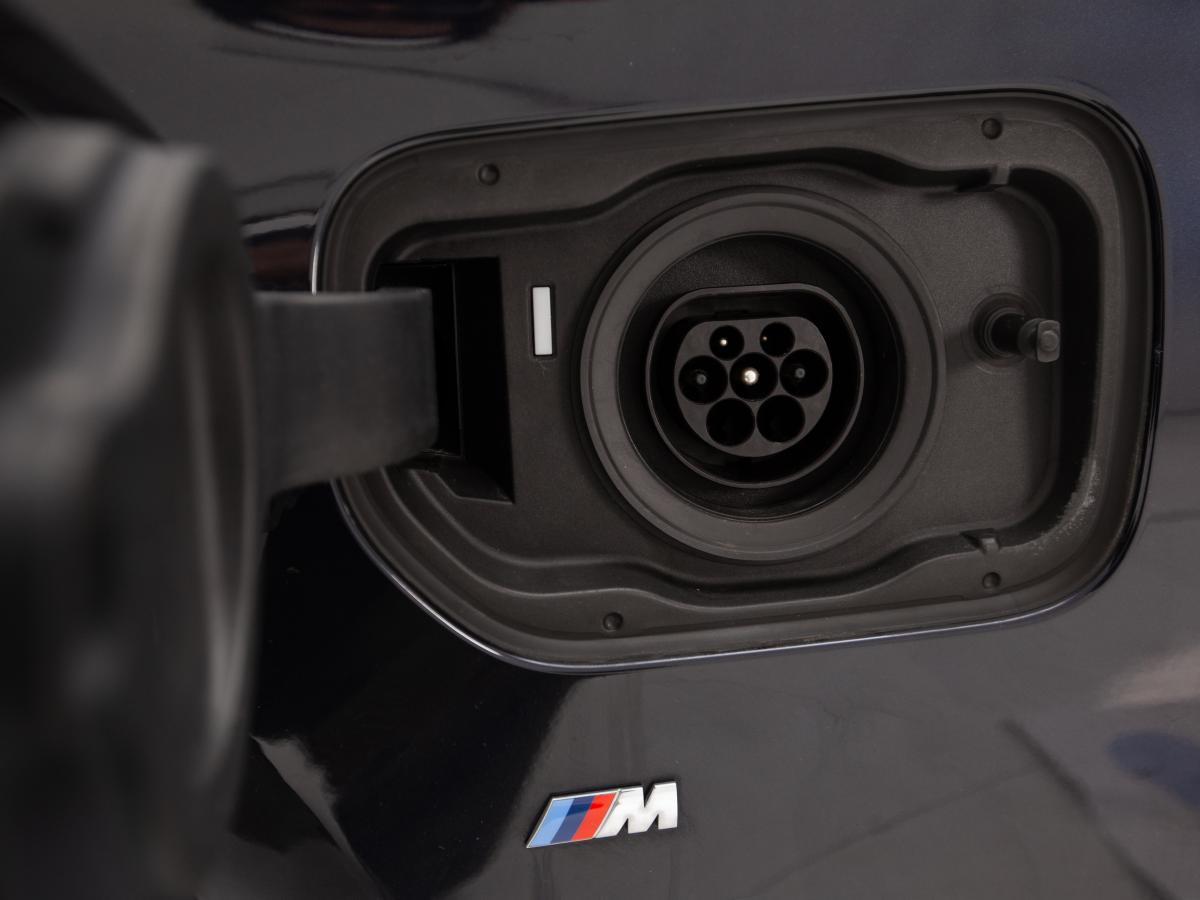 bmw-serie-5-2021-hibrido-a-gasolina-1998cc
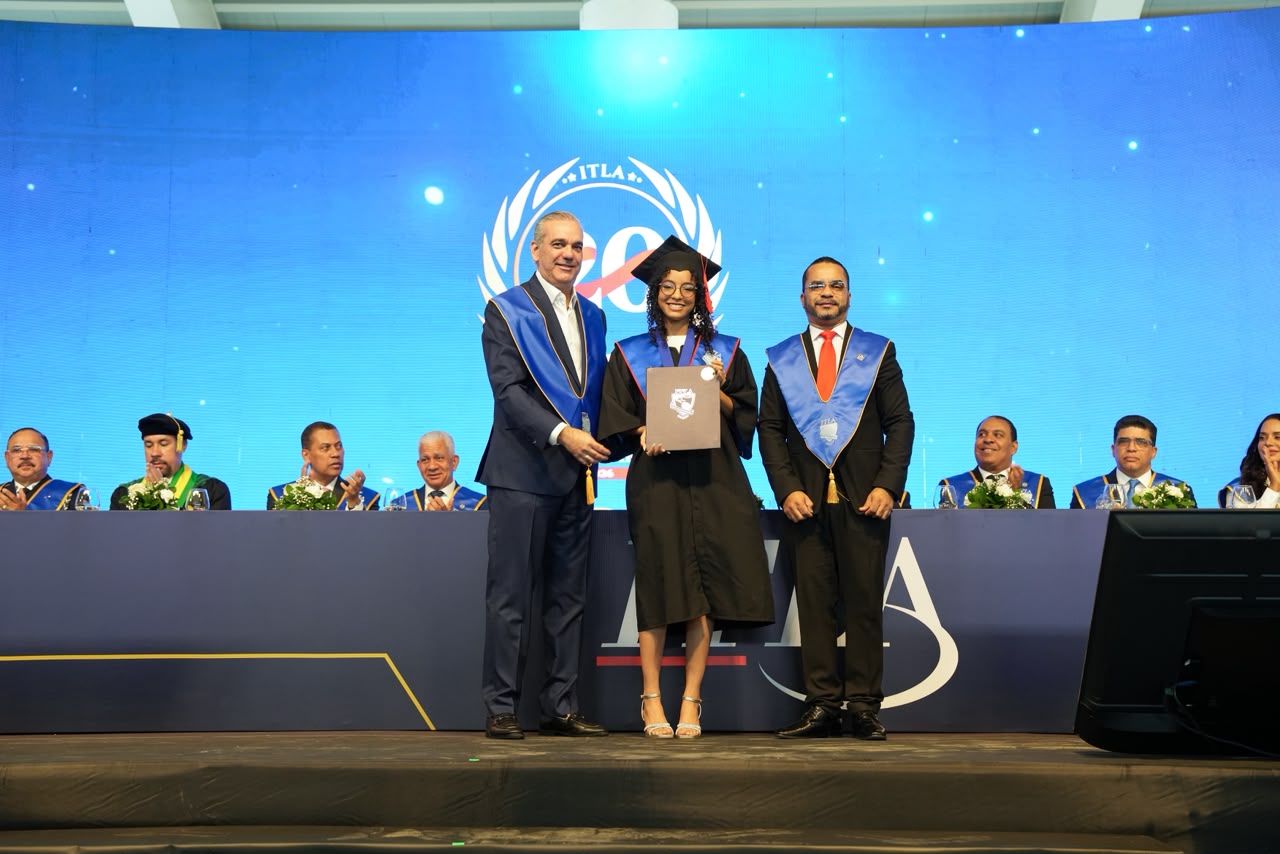 Presidente Luis Abinader y Jimmy Rosarios, rector del ITLA, con estudiante recién graduada.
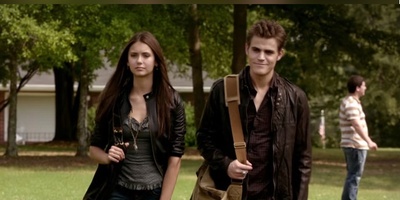 (فیدیو) بول ویسلی یکشف أخیرًا عن سبب عدم قدرته هو ونینا دوبریف على تحمل بعضهما البعض فی "مذکرات مصاص الدماء" 😱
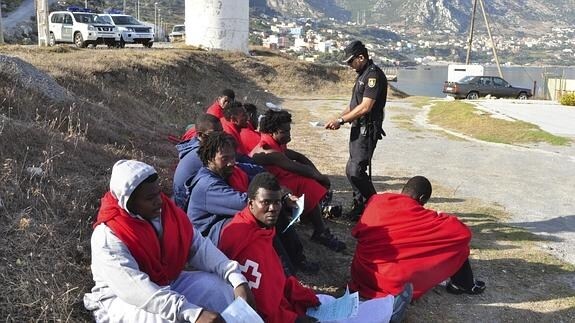 Inmigrantes subsaharianos que lograron entrar este fin de semana en Ceuta.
━━━━━━━━━━
**Work required**: Omit the pictures and print the listing exactly.

**Output of the task**:
 bmw-serie-5-2021-hibrido-a-gasolina-1998cc
 Presidente Luis Abinader y Jimmy Rosarios, rector del ITLA, con estudiante recién graduada.
 (فیدیو) بول ویسلی یکشف أخیرًا عن سبب عدم قدرته هو ونینا دوبریف على تحمل بعضهما البعض فی "مذکرات مصاص الدماء" 😱
 Inmigrantes subsaharianos que lograron entrar este fin de semana en Ceuta.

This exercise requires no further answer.